- Born: 1900
- Died: 1971
- Occupations: Painter, teacher, printmaker

= Frances Dolina Ellis =

New Zealand artist (1900–1971)

Frances Dolina Ellis (25 February 1900 – 1971) was an artist, printmaker and teacher who lived, worked and exhibited in both Australia and New Zealand. Ellis was well-known in the arts community in New Zealand and whilst living in Australia she had a significant professional relationship with artist and art teacher Antonio Dattilo-Rubbo.

== Biography ==
Ellis was born in Taihape, New Zealand. Her parents were William Agate Ellis, farmer and Mary Fraser McDonald. Ellis showed early artistic promise at the Diocesan School, Marton and Wanganui Art and Technical School, and she travelled to London where she trained at the Central School of Arts and Craft in the mid-1920s. While there, she was greatly influenced by Bernard Meninsky.

In 1934 she moved to Sydney, Australia to study under Antonio Dattilo-Rubbo, whose focus was on French post-impressionism, including the cubist work of Cézanne.
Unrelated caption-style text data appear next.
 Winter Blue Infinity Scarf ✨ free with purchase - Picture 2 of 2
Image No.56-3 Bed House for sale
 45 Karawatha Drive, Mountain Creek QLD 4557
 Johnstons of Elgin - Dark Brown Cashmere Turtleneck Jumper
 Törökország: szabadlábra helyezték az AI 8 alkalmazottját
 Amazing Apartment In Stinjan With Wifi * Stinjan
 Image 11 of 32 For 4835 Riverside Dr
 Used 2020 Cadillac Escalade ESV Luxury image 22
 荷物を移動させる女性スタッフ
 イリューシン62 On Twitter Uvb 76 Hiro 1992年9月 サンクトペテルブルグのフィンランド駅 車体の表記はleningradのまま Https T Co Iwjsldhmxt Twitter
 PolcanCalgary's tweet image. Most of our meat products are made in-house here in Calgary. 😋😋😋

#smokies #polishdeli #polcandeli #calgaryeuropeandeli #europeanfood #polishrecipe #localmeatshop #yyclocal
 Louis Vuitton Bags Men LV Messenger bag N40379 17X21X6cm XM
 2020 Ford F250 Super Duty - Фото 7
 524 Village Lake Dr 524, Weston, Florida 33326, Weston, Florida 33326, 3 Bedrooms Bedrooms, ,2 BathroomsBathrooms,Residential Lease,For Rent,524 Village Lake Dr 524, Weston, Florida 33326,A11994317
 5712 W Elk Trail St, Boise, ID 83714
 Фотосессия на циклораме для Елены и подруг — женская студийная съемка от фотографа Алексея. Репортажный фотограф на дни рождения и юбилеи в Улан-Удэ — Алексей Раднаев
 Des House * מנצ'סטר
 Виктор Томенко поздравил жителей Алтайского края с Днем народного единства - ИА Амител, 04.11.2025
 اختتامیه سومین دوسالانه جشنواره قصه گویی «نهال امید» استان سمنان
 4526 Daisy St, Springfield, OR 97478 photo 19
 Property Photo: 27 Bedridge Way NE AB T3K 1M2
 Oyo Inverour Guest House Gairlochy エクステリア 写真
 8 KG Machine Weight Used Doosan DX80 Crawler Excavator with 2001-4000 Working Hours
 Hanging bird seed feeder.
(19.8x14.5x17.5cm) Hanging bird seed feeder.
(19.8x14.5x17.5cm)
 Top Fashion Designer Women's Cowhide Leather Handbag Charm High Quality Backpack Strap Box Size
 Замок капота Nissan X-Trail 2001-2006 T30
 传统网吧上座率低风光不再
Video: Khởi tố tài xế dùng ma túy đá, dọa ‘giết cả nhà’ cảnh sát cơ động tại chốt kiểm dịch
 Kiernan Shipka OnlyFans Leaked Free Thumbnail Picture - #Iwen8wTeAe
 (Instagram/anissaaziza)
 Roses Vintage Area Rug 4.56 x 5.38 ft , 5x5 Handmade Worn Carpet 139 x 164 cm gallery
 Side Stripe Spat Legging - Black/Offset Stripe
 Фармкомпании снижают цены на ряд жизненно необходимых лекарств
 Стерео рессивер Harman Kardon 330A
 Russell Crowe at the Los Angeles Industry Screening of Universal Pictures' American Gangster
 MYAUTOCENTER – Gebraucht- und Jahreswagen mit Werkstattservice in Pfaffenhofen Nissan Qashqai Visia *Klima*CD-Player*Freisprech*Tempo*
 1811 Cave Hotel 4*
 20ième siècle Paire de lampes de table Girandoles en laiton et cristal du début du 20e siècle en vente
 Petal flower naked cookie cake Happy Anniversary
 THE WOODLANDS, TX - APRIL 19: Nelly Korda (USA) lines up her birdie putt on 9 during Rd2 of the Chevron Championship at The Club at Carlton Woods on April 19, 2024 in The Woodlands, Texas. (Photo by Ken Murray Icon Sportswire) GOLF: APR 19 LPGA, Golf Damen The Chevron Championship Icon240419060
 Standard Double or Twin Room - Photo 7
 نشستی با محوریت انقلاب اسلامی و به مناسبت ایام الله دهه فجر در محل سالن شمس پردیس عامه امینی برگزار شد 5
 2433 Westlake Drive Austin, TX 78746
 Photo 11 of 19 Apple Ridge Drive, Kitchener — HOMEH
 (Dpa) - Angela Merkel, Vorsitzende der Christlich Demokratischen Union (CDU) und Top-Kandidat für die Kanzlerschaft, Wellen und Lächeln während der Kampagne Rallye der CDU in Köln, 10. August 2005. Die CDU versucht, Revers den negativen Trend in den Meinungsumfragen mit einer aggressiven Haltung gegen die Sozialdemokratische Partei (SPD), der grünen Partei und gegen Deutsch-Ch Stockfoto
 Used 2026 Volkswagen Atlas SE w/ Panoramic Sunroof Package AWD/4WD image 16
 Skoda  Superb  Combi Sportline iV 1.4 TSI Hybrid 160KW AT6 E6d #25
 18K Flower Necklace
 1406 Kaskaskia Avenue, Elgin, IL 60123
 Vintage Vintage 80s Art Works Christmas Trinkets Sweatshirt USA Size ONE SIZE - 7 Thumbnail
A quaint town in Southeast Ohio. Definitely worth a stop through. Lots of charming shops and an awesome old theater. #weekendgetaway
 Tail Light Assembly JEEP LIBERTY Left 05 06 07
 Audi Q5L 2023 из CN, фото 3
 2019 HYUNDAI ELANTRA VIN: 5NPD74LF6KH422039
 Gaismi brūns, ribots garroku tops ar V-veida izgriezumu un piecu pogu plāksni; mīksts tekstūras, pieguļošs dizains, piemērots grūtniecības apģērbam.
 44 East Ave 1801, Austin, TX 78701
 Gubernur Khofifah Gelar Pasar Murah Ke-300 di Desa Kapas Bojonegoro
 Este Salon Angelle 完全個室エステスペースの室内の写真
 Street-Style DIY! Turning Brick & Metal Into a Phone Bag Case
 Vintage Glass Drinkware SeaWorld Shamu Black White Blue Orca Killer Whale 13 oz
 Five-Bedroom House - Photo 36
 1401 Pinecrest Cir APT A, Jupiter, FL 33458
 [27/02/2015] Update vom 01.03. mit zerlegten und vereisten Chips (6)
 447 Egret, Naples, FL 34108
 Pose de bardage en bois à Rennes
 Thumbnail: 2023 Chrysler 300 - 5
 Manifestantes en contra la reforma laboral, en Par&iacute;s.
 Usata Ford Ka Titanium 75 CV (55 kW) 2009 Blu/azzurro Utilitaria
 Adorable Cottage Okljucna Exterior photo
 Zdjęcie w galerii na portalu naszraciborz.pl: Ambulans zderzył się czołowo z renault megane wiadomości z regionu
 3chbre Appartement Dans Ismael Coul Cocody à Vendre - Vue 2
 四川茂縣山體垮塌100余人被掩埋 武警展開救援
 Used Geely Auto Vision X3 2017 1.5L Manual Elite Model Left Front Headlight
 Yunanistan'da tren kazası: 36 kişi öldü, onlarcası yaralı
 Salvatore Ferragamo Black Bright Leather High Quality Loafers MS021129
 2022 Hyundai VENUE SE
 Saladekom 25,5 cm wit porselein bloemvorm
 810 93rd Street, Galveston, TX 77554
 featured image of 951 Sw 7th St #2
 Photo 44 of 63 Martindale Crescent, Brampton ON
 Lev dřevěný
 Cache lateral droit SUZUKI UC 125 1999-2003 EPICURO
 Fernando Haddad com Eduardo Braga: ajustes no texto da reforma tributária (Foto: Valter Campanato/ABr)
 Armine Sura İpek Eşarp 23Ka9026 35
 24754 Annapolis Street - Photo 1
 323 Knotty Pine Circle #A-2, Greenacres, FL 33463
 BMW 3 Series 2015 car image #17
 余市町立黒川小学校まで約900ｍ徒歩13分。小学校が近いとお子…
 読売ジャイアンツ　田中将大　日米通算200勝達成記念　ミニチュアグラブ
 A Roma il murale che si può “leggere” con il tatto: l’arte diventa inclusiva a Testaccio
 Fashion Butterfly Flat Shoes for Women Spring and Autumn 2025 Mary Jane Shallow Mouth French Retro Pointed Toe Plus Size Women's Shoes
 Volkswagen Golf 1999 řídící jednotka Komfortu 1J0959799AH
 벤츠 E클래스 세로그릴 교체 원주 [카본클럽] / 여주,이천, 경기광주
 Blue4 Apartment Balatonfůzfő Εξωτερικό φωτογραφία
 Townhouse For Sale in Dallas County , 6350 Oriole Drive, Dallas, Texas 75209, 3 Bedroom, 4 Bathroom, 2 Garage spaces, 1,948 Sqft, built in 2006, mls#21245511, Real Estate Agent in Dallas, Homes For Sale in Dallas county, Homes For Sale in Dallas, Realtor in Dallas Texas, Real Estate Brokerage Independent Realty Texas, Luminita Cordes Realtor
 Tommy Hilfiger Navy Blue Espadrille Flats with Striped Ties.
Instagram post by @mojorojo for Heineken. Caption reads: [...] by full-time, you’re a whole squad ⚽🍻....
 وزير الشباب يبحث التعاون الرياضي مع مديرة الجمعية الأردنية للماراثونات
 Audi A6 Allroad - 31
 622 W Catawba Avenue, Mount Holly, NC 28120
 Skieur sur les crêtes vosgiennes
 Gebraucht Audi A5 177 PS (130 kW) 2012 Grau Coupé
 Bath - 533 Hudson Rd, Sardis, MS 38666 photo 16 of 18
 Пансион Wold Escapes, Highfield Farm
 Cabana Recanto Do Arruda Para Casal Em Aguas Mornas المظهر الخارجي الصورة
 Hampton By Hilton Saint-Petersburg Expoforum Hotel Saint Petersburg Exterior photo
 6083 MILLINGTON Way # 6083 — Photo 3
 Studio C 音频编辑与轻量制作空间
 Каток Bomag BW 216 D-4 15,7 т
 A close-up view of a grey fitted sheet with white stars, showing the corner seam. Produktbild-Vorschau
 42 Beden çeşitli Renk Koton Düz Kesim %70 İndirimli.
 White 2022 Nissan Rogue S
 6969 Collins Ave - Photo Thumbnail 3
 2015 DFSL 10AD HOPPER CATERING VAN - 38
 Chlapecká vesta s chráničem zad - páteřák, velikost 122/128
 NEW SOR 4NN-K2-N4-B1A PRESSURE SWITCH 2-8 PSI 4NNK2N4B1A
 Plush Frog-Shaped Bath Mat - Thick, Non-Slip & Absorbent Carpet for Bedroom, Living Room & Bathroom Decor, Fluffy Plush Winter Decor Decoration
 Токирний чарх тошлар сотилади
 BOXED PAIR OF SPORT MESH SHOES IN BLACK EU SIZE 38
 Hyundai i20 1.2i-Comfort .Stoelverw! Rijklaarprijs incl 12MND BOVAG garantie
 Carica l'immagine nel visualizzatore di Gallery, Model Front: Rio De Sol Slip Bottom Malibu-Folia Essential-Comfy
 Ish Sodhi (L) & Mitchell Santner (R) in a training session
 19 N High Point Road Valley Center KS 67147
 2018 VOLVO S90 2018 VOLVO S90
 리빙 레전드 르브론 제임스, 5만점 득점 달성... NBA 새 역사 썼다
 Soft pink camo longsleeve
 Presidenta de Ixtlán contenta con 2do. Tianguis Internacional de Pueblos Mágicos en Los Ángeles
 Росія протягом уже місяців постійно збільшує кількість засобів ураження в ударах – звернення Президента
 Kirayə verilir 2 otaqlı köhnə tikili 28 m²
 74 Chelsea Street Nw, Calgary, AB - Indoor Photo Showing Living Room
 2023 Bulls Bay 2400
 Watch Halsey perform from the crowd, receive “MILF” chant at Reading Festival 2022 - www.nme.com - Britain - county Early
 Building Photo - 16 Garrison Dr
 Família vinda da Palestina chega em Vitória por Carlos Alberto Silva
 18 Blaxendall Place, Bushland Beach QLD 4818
In 1936 she was exhibiting with the Australian Art Society in Sydney and she received praise for her "very pleasant watercolour Flowers and Fruit". In 1938 Ellis exhibited at the newly opened Castlereagh Fine Art Gallery in Rowe Street with artist Dora Toovey. The exhibition focused on Sydney coastal and river paintings with Ellis exhibited two watercolours Evening at Narrabeen and The Boat Builder.

Ellis assumed the administration of the Dattilo-Rubbo School between 1941 and 1949. At the time the school was considered to rival the major art school in Sydney run by Julian Ashton. Dattilo-Rubbo had migrated from Italy to Australian in 1897 and not long after set up his school in Manly, NSW. In his teaching Dattilo-Rubbo demonstrated the skills used by artists such as Cézanne, Gauguin and Vincent van Gogh. Three of his best-known students, Roland Wakelin, Grace Cossington Smith and Roy De Maistre reflect his influence. Dattilo-Rubbo used conventional techniques in his own painting and encouraged his students in developing their oil painting skills. Ellis herself was strongly influenced by cubism, while her subject matter was chosen from her local environment. As a result she was considered to be a "regionalist painter".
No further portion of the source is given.